Constatant que le fantastique fait l’objet d’une dévalorisation face à la littérature réaliste, Lise Pelletier considère que le fantastique féminin subit une double dépréciation. Elle se propose donc d’explorer les principaux procédés du sexisme systématique dont il est victime et les figures féminines mythiques véhiculées par les théoriciens du fantastique. L’examen des manuels scolaires et du sommaire de deux anthologies du fantastique (celle de Roger Caillois et celle de Goimard et Stragliati en dix volumes) révèle que les auteurs féminins y occupent une place marginale (respectivement 4,9 % et 7,5 %) alors qu’il « existe une véritable tradition féminine, issue du gothique et des histoires des fantômes ».

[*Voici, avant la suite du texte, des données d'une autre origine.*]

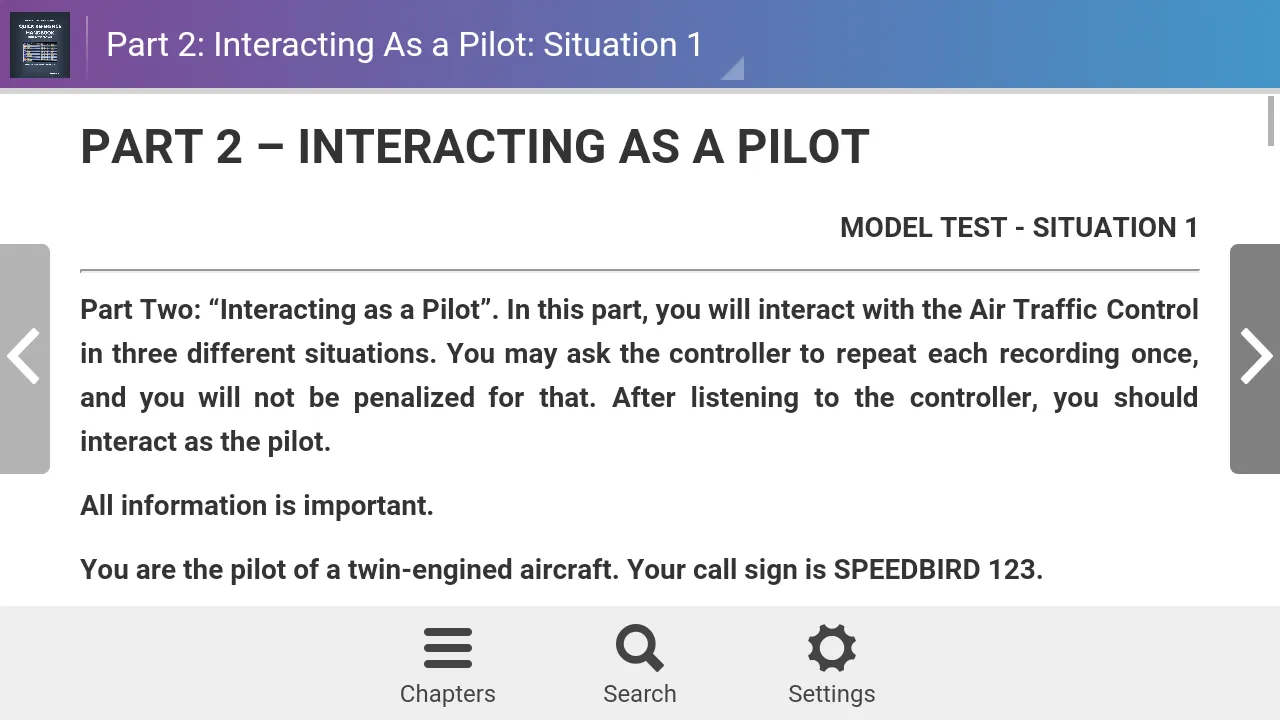 ICAO Test - QRH - Demo | Indus Appstore | Screenshot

Se basant sur les travaux de Madeleine Ouellette-Michalska qui a fait un relevé des marques intratextuelles du sexisme dans la littérature, Lise Pelletier analyse le discours discriminatoire de la critique qui contribue à l’occultation et à la sous-représentation des auteures dans la littérature fantastique. Les procédés les plus souvent utilisés sont : « l’accréditation des femmes par le lignage paternel, l’association maritale ou affective », « la confirmation de stéréotypes sociaux et sexuels dans l’analyse du style » (des normes masculines subjectives appliquées à l’écriture féminine), « la présentation de l’œuvre comme l’expression d’un mouvement politique et non comme le produit d’un travail littéraire » (en occultant une partie, généralement subversive, de l’œuvre de l’écrivaine), « la tendance à situer l’œuvre ou le précédé du côté des phénomènes naturels bruts et non du côté de l’art ».

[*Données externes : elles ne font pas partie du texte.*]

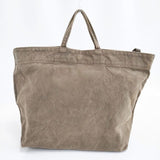 45R/45rpm キャンバス 2way ショルダーバッグ トートバッグ ブラウン レディース フォーティーファイブアールピーエム【中古】5-1112G∞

L’essayiste examine ensuite comment les rapports traditionnels femmes/hommes perpétués par le discours patriarcal déterminent l’image négative ou menaçante de la plupart des figures féminines mythiques : la femme-fée, qui se répartit en cinq ordres, la femme-Lilith, sorte d’androgyne et la femme-sirène. Reconnaissant l’utilité de la psychanalyse dans l’étude du fantastique en raison du rapport étroit entre ses aspects formels et les configurations du discours inconscient, Lise Pelletier croit, comme bon nombre de critiques, à la fonction subversive du fantastique qui, en menaçant l’ordre culturel, joue, dans la littérature, le rôle que la société assigne au fou dans notre monde.

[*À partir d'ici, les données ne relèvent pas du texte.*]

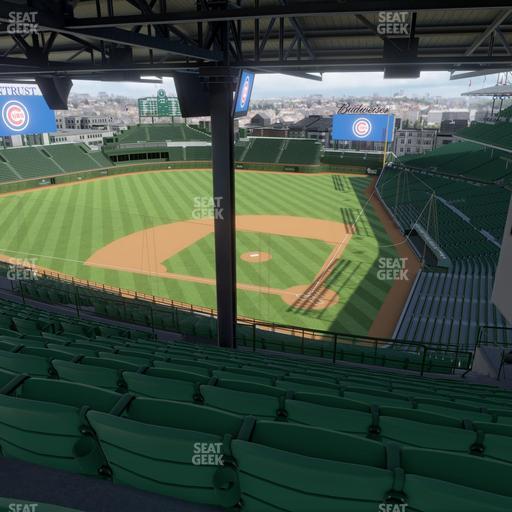 Wrigley Field - Section 415 Left Seat View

Elle affirme que « le fantastique ne se définit que par rapport à la littérature réaliste, qui prétend décrire la réalité ». Or si la réalité est « ce qui est communément admis dans la culture », elle ne peut être que double car les hommes et les femmes vivent dans des cultures distinctes. C’est pourquoi, soutient l’auteure, les femmes ont si souvent utilisé le thème de la folie, seule résistance possible au discours patriarcal fondé sur une seule réalité, la réalité masculine. Enfin, Lise Pelletier analyse la nouvelle de Charlotte Perkins Gilman, « Le Papier peint jaune », qu’elle juge exemplaire comme expression du refus de se soumettre à une réalité masculine imposée. La folie ou le suicide y apparaît alors comme le seul moyen pour l’héroïne de retrouver sa liberté.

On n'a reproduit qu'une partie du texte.